I wake, as you already know, full of beans. I adore the dawning of a new gift-day. I am not sick, not dead. Therefore I am beansed up just because of the aforesaid. Childlike, I yank back the curtains to reveal a blowsy wildflower garden, already chirping with every little bird you can name. They await me, and when I do appear, heavy laden with various foodstuffs, they stay around me. I know to walk slowly and to softly warn them I am coming around the miniature maple fronds so as not to startle. Later I will wander up to see grandchildren and to hear about yesterday’s birthday party, that huge green-iced cake covered in horses and sporting candles as tall as Hobbits. Walking in the afternoon around the coastline, through the woods and across the expanses of wild grass, I will sing my thankfulness in nonsense words to a made-up melody. I have no idea what I am singing but the nonsense words come and in my mind I hold the warmth of my thankfulness, an image of all that I am thankful for. It is often quite a squash once I mindfully count up each tiny second of a thing. 360 seconds for each hour. That’s a load of thankings.

I believe in mind self-control. I do not believe any of us are victims of circumstance, no matter what that circumstance may be. If I am in a poorly lit, slow-moving, dank swamp of a place, only I can get me out. Oh yes, I can ask for help, in fact that’s essential for an uplift from a swamp, for someone else to recognise my struggle, but it is I who must decide I will not stay here any longer. Someone might say ‘I hate my job’. I say Look into changing. ‘I am miserable in my relationship’. I say Look into changing. ‘I am frustrated, bored, unfulfilled and broke’. You know what I say to that. Bit by bit, step by step (and it may take a long time to turn around) I know, as you do, that every day is precious and that I am important and valuable and that the gift of days can be snatched away at any moment. Knowing all these knowings, I have no alternative but to live to my fullest. And right now I can take the first step into my own future. Walking out, noticing, seeing and pausing to see more. Out is the key. Home I know, its walls and confines and the keeping in of it. That door, in hands reach, will lead to the Out of it. Sometimes Out is terrifying. But Out is the answer to too much In. And the In will cripple given half a chance because when we are fixated on the self, all we do is circle old beliefs, thoughts and memories. Just going for a walk can bring in something new, enough to shift the thinking plates, to make space for light to come in. I know it because whenever I find my knickers in a twist, I need to walk out, call someone to find our how they are, drive somewhere, anything that unstales the air.

‘Each day is a gift. Don’t send this one back unopened.’

Island Blog – Turn a Feather

People are living. The lucky ones. Watching from the ridge, balancing afoot the cat sharp rocks, teetering, our heads in the sky, bodies somewhere in between, and, in our breath, a question. Will I, will we come out of this alive or not?

We are one, now, we people of the world. We have un-countried ourselves as we face down a terrifyingly powerful enemy. And the heroes keep rising like the sea-eagle I just watched playing with gravity as it slid through the wide blue sky, master of it. We are showing out true colours and making rainbows for each other. It is good.
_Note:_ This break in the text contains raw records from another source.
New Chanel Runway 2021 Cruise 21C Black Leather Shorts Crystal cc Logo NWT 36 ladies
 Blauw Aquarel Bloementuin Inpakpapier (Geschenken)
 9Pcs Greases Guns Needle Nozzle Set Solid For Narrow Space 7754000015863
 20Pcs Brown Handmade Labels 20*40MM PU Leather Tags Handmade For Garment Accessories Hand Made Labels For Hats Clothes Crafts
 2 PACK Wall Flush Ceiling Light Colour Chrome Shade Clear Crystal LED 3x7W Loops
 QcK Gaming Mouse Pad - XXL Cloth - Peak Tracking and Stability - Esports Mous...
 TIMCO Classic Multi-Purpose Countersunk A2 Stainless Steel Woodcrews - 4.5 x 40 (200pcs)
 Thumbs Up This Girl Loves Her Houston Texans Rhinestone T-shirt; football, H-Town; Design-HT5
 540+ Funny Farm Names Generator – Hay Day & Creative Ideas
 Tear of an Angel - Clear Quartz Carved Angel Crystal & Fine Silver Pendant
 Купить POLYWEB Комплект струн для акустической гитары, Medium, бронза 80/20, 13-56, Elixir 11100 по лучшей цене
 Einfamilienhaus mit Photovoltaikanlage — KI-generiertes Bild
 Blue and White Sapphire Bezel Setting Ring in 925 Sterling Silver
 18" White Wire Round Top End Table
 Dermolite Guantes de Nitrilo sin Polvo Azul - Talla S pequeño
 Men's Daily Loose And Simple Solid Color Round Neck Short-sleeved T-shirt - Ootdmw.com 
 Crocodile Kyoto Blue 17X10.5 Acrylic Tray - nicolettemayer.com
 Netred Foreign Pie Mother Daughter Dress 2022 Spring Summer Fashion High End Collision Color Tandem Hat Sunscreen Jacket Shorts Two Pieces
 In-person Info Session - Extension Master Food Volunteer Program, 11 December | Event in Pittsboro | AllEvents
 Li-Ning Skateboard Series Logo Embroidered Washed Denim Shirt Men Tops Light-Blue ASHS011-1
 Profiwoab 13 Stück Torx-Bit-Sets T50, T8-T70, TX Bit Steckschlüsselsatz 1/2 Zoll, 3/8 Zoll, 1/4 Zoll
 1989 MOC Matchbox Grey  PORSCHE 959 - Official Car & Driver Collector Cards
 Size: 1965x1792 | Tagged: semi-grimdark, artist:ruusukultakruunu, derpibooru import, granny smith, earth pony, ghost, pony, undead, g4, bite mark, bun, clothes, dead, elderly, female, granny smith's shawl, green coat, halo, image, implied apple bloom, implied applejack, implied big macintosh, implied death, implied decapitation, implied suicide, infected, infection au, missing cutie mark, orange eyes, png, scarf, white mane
When the day avoids me I remind myself of this. However isolation goes for those of us isolated, there are people who find that fear defines them. Otherwise strong and confident, this invisible monster lurking in every action, every move, confounds them. It is not good, but it is understandable. It is one thing to face down a big swashbuckling opponent who stands square and loud and inches away, and quite another to face down a ghost. Much is at stake and most of the much is me. And you.

We cannot enjoy a commensal meal, perhaps for months and certainly not on Mother’s Day, not if the mother in question is a bit past her sell by date. We older mums must stay doggo, take up our handiwork and make gallons of nourishing soup for the freezer, in preparation for whatever is to come. Our mums and grannies did it for years during the wars, but they didn’t have to isolate and this is the hard part.

So we must look up and out. We must listen to the sounds of Spring wherever and whenever we can. We can write letters, send emails, make calls to bring cheer to someone else. There may be a hole in the universe right now, a big black one into which many of us are falling and will fall yet, but above us is a huge sky full of weather and birds, painted with daylight and the soft black velvet of night. Those of us who can muster belief must spread that belief to those who are cast adrift from the joy of Life. We must scatter laughter like wildflower seeds, seeds that will sprout under the warming sun, no matter what comes.

This morning a sparrow hawk took one of my visiting doves. I didn’t see it but I saw the resulting scatteration of feathers around the bird table or caught in the branches of a potentilla hedge. It looked awful and I was so sad. I watched the other dove wander endlessly around the garden in search of its mate and felt even sadder. Destruction standing alone, I thought, freezing the moment, and my heart. However, as I watched, a sparrow fluttered down to grab a feather, soft as down. Other small birds followed suit until nothing was left. They had taken the destruction and turned it into hope, a soft lining for a nestful of new life.

If Nature can turn things around so beautifully, then so can we.